Sejak menjadi negara berdaulat pada tahun 2002, Timor Leste menghadapi persoalan konsolidasi demokrasi, khususnya perpecahan di antara para elit nasional yang berimbas pada ketidakpuasan sejumlah lembaga negara. Pasca peristiwa perpecahan tentara dan kepolisian pada tahun 2006, Timor Leste dirundung sejumlah aksi kekerasan yang berpuncak pada penembakan Presiden Ramos Horta pada tahun 2008.  Krisis tersebut menyebabkan jatuhnya pemerintahan  Perdana Menteri Mari Alkatiri.  Sejauh ini peta kepemimpinan masih berada di tangan kekuatan-kekuatan tradisional yang berperan dalam proses kemerdekaan Timor Leste.

 Ironisnya, sumber konflik justru berasal dari perpecahan di antara para elit nasional tersebut. Oleh karena itu, tugas pertama adalah membentuk pemerintahan yang mampu mengakomodir kepentingan berbagai elemen nasional. Pembentukan pemerintahan yang kuat  menjadi kunci awal pembangunan Timor Leste, pasca friksi internal selama kepemimpinan Horta.

Akibat perpecahan elit tersebut, kondisi masyarakat semakin memprihatinkan.

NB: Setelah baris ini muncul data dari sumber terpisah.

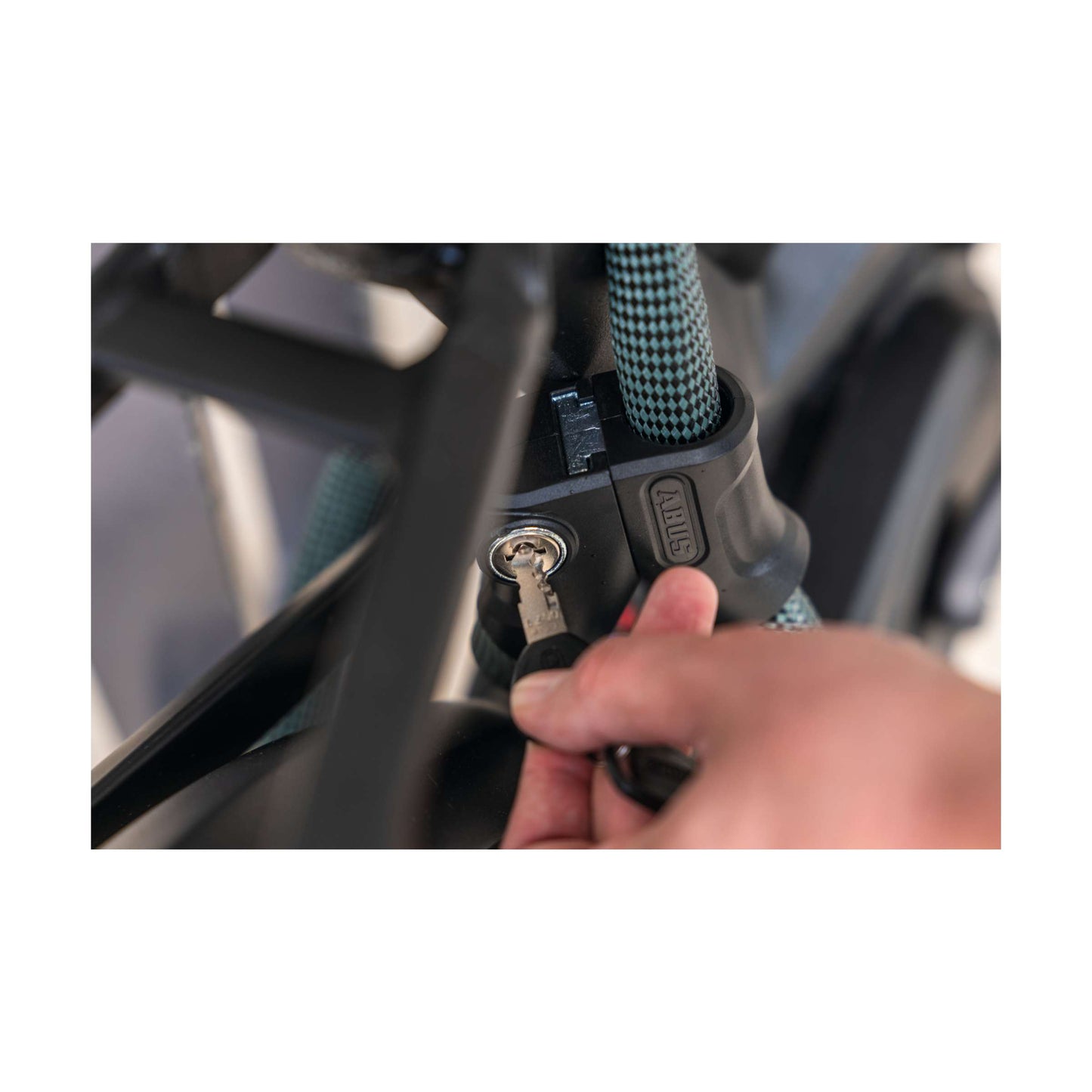 Abus Chain Lock Infinity Loop 1806 140 Green lent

Timor Leste menjadi negara dengan index pembangunan manusia terendah di kawasan Asia Pasifik. Tingkat pengangguran mencapai 600.000 ribu orang sejak tahun 2009, dari total penduduk Timor Leste yang mencapai 1,1 juta jiwa.  Tingkat kemiskinan mencapai 60-70 persen pada tahun 2011. Dengan potensi sumber daya alam yang terbatas, yakni minyak dan gas alam, maka pemerintahan terpilih harus berusaha keras mendistribusikan hasil dari kekayaan alam tersebut bagi masayarakat setempat.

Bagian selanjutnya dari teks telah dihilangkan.